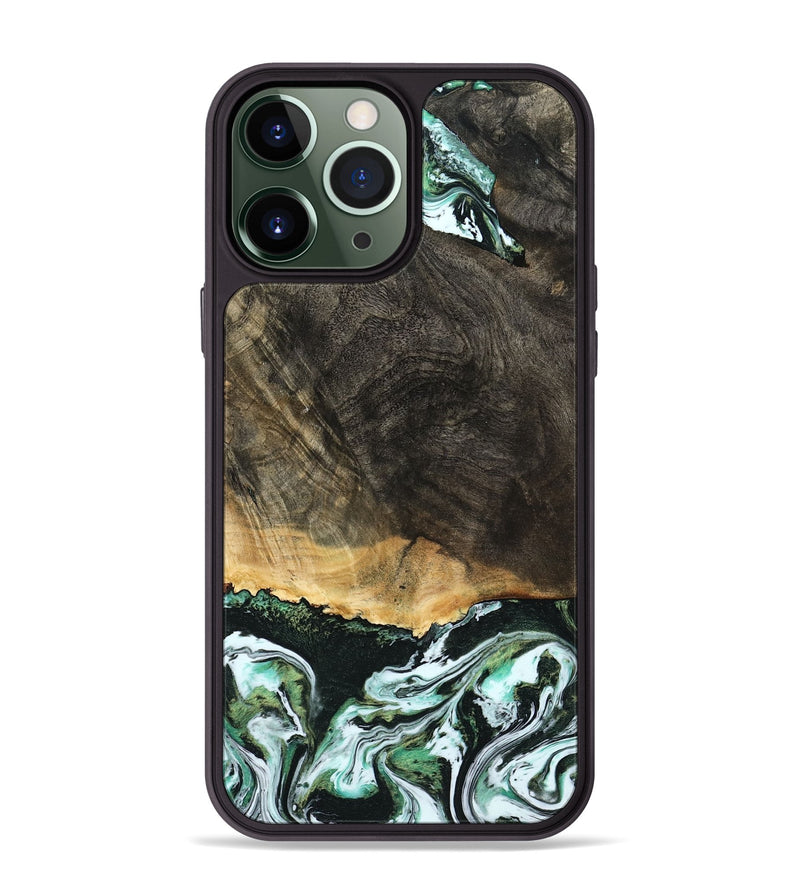iPhone 13 Pro Max Wood Phone Case - Arron (Green, 798130)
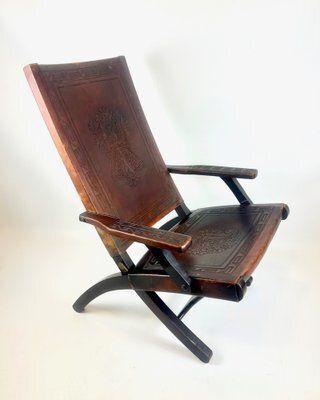 Folding Chair Attributed To Angel I. Pazmino For Muebles De Estilo, 1950s photo for sale
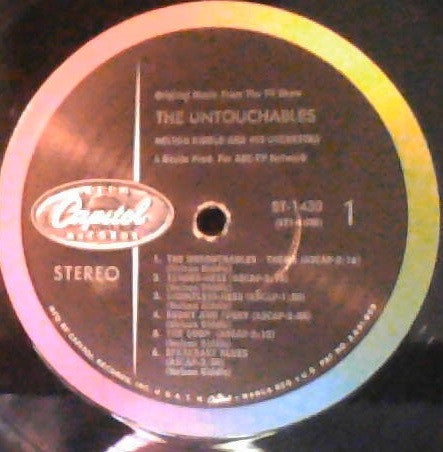 Nelson Riddle : The Untouchables (LP, Album, Scr)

.....

What is being asked: In full and without change, repeat the material above, minus the pictures.

Answer to the problem:
iPhone 13 Pro Max Wood Phone Case - Arron (Green, 798130)
 Folding Chair Attributed To Angel I. Pazmino For Muebles De Estilo, 1950s photo for sale
 Nelson Riddle : The Untouchables (LP, Album, Scr)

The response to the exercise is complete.